**The input**

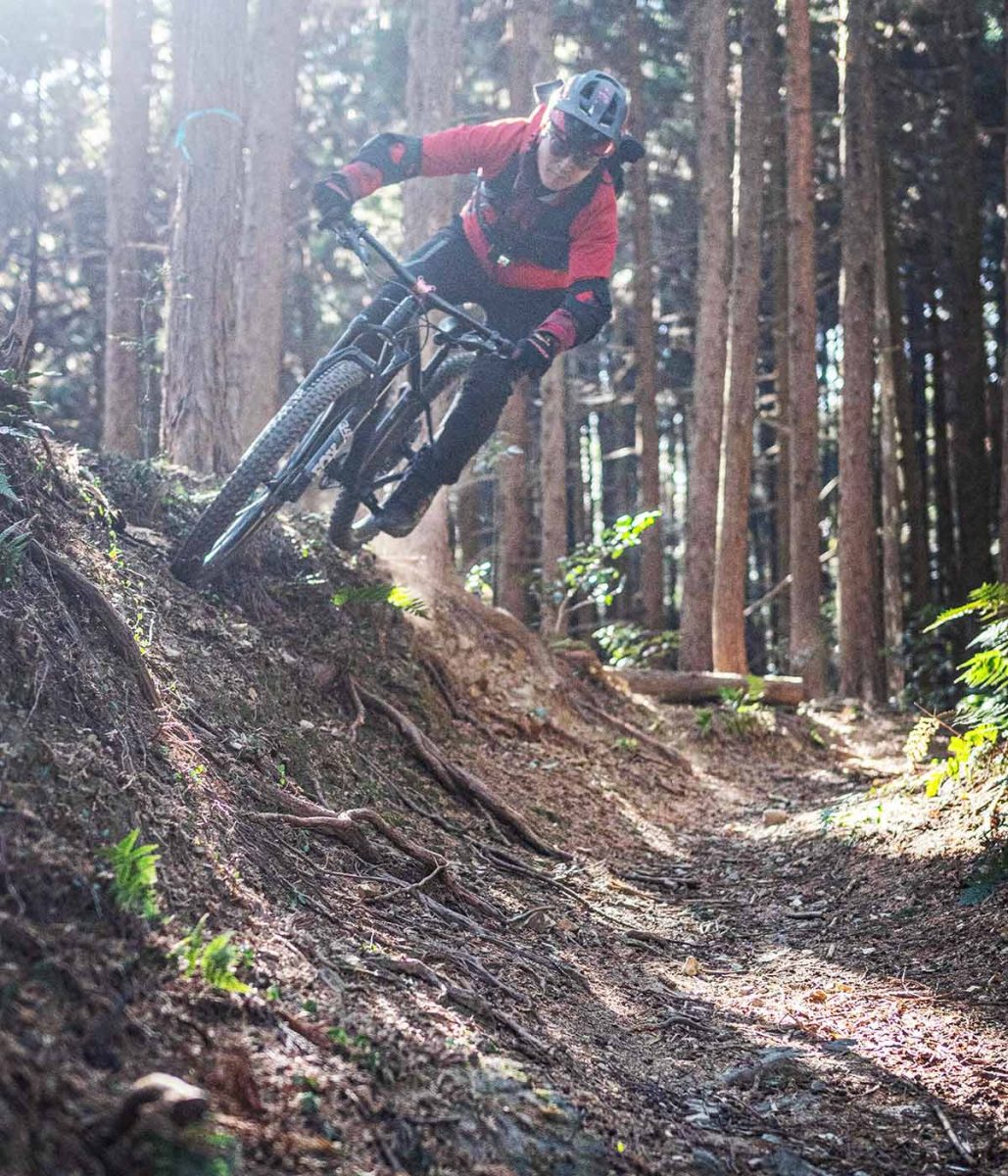 サタジュク トレイル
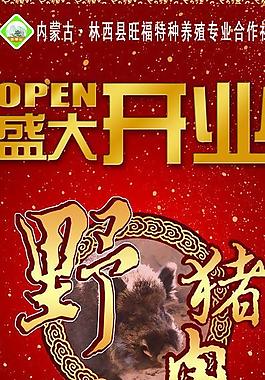 開業(yè)展架圖片
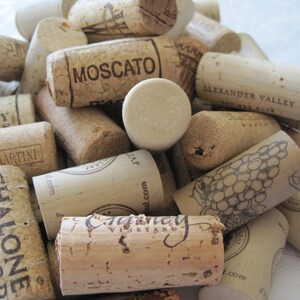 May include: A collection of used wine corks, some with printed text. The corks are various sizes and shapes, with visible markings from different wineries, including "MOSCATO" and "CHALONE VINEYARD". The color palette is primarily natural cork tones.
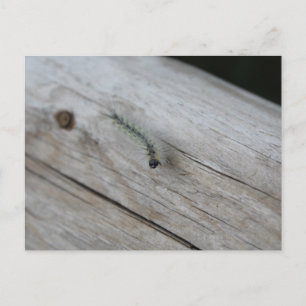 Carte Postale Chenille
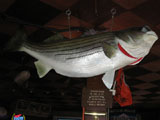 World Record Striper Mount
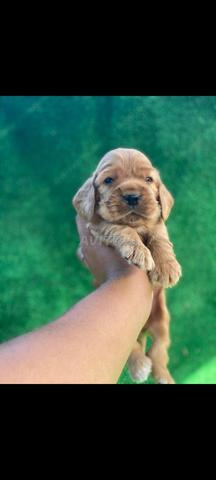 Chiot Cocker Spaniel - 2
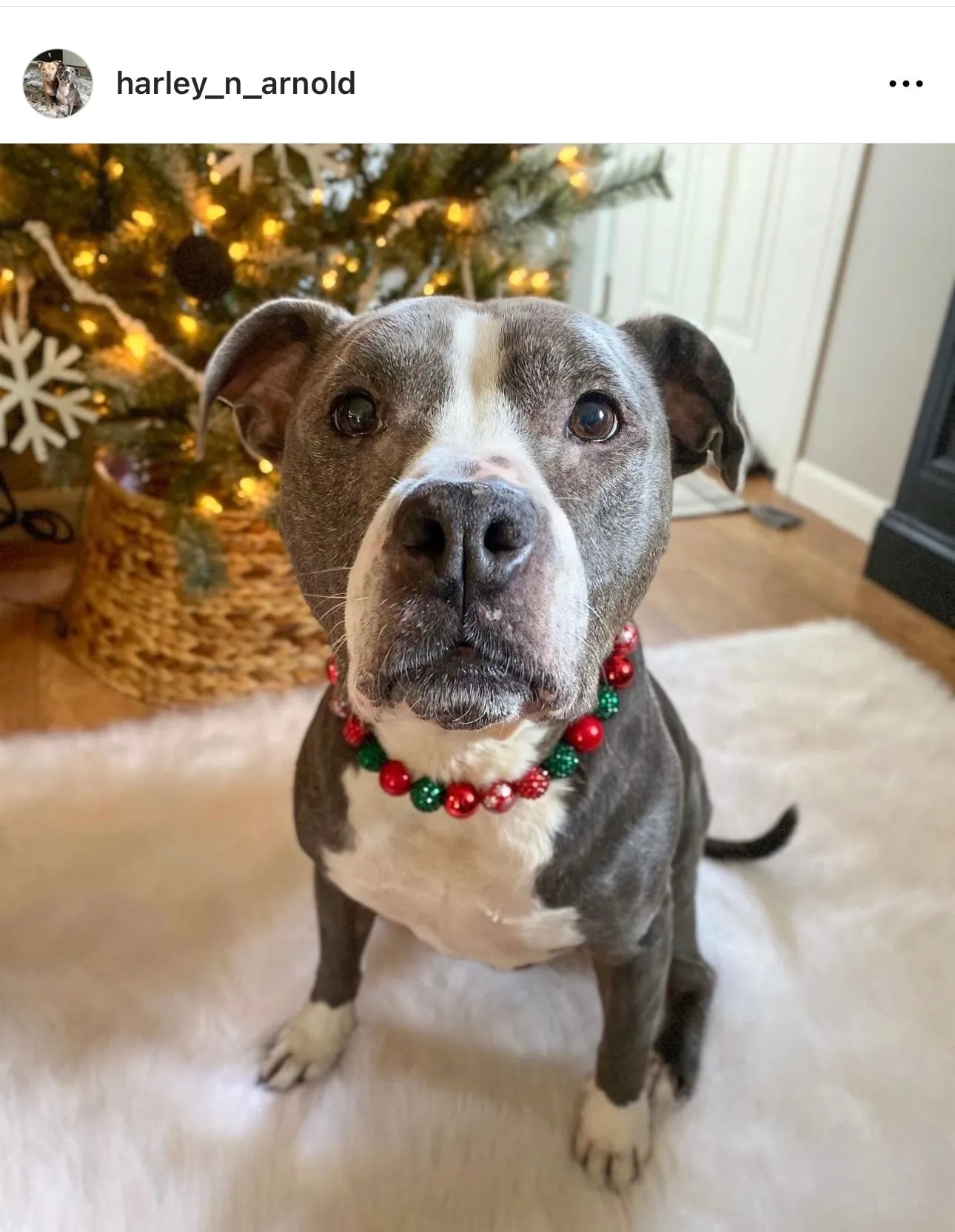 Christmas Glam Bead Collar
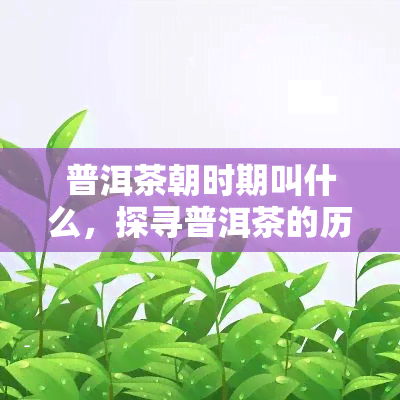 普洱茶朝时期叫什么，探寻普洱茶的历：朝时期的名字是什么？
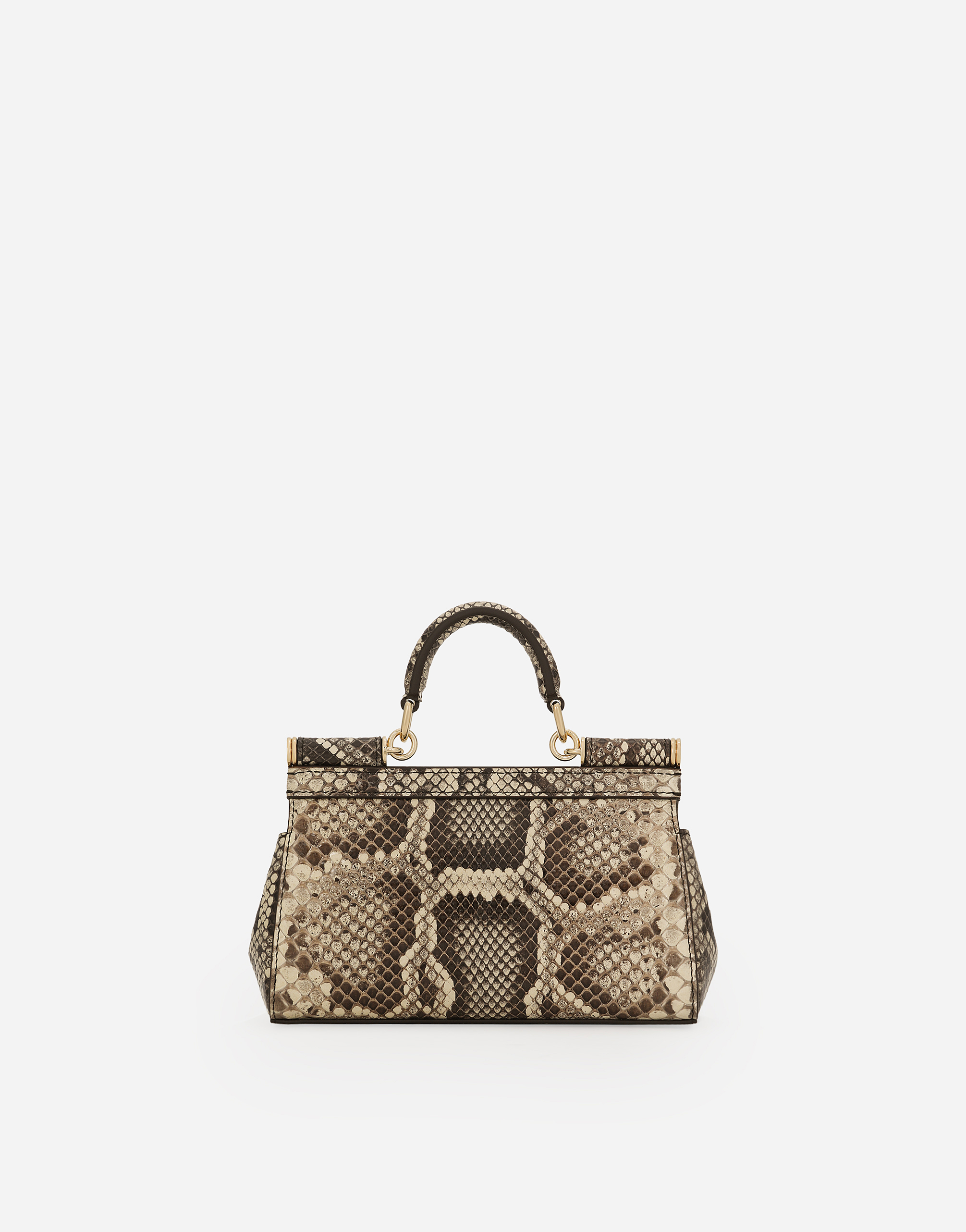 Dolce & Gabbana Leather Handbag With Animalier Print In Brown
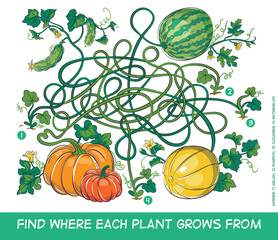 A fun maze puzzle. Help unravel the plants. Vector illustration for children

**Directions for this task**
Write out exactly the lines from the one containing "普洱茶朝时期叫什么，探寻普洱茶的历：朝时期的名字是什么？" through the end of the entries, both included. Pictures are not copied.

**Answer to the exercise**
 普洱茶朝时期叫什么，探寻普洱茶的历：朝时期的名字是什么？
 Dolce & Gabbana Leather Handbag With Animalier Print In Brown
 A fun maze puzzle. Help unravel the plants. Vector illustration for children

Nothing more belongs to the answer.